Now that a new George Bush has placed himself on the road to military action against an old Asian enemy, perhaps it is a good time to revisit the last time that “WAR” was screamed continuously across our television screens. Back in 1991, the media and the last President Bush rallied the nation to support Operation Desert Storm by carefully framing the action in terms of powerful cultural categories, and in the process they took steps towards reworking the meaning of another key American conflict-the Vietnam war-and forced critical voices to operate from impossibly weak positions. Now, as an even more omnipresent television news machine creates the frameworks to support the destruction of “evil” people and “terrorist” states in distant lands, this time under the catch phrases “Countdown: Iraq” and “Target: Iraq” rather than the now nostalgic “War in the Gulf,” those of us who try to disseminate alternatives to mass violence may be able to learn from the devices that were effectively used to immobilize us the last time around.

Sometimes the political slants of news providers are as obvious as the smirks on the faces of Fox News “reporters” or “analysts” as they hector a Palestinian spokesman or liberal fall guy. One approach to understanding these biases traces the corporate interests-Disney, General Electric, etc.-that control media outlets. Another looks at fabricated stories, such as the great Kuwait Incubator hoax, and direct military censorship.

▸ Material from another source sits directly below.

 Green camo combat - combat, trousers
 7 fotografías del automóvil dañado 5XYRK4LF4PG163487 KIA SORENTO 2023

But sometimes media biases are more subtle, and may operate independently from the intentions of individual reporters. News stories always deploy framing devices (such as the concept of a news “story”) that limit possible interpretations of what happened, privileging some while making others seem contrary to common sense. In the case of the first “War in the Gulf,” three subtle strategic moves the produced the Bush administration’s view of the first Iraqi war as common sense: 1) the compartmentalization of various aspects of the war, 2) the precision/randomness opposition, and 3) intertextuality and the uses of the story of Vietnam.

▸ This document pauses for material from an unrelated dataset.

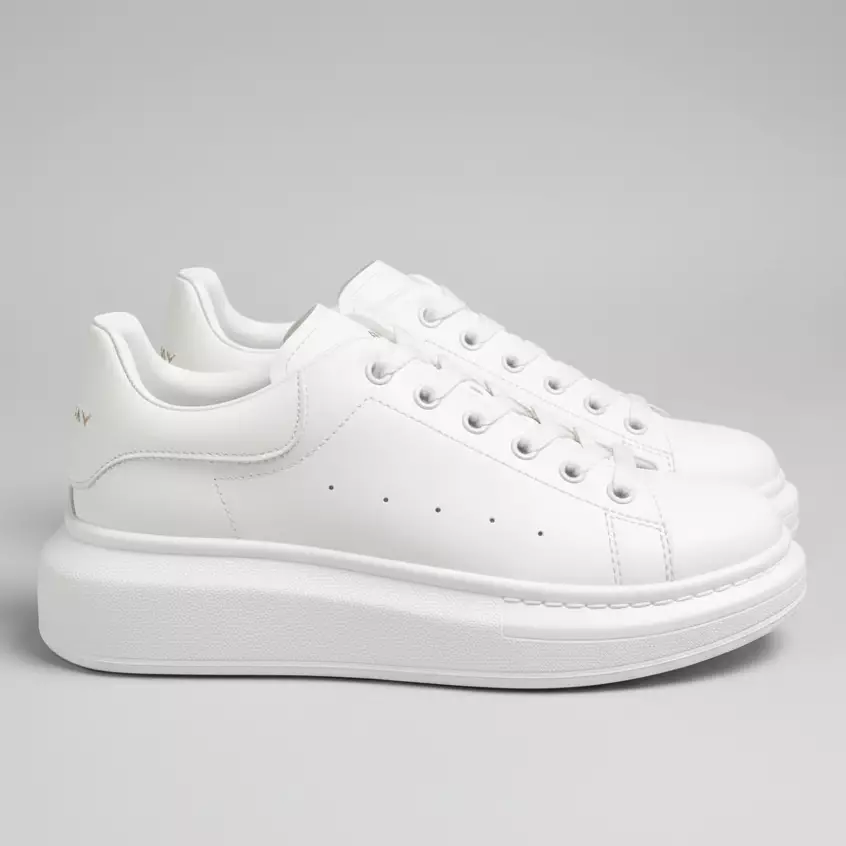 PAULMAY - Sepatu Sneakers Pria Wanita Orlando White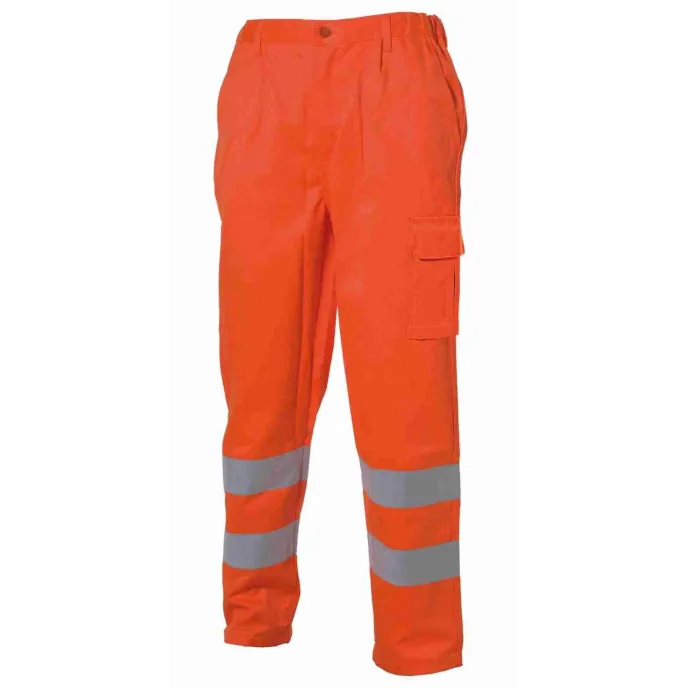 Pantalone da Lavoro Multitasche alta visibilità Logica 830PILHV/T-L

political, military, and nationalistic frames

The Bush regime’s preferred interpretation of “The War in the Gulf” contained the elements laid out directly and indirectly by President Bush and other government spokesmen: the war was a noble and justified assault by the forces of “good” and “light” (democracy, freedom, capitalism, progress, the flag, yellow ribbons, America, Christianity) against the minions of “evil” and “darkness” (aggression, tyranny, the ‘Other’, Islam, irrationality). Dominant voices emanating from outside the media industry made a concerted attempt to control the interpretation of the story, both by limiting (as “gatekeepers”) the flow of information to the media, and by imposing coherent categorizations on that information. Media representations of the lead up to the war attacked potentially oppositional interpretations by consistently separating out political, military, and nationalistic spheres of control and information. By labeling an event as pertaining to one of these categories, these producers of news limited the degree of acceptable debate.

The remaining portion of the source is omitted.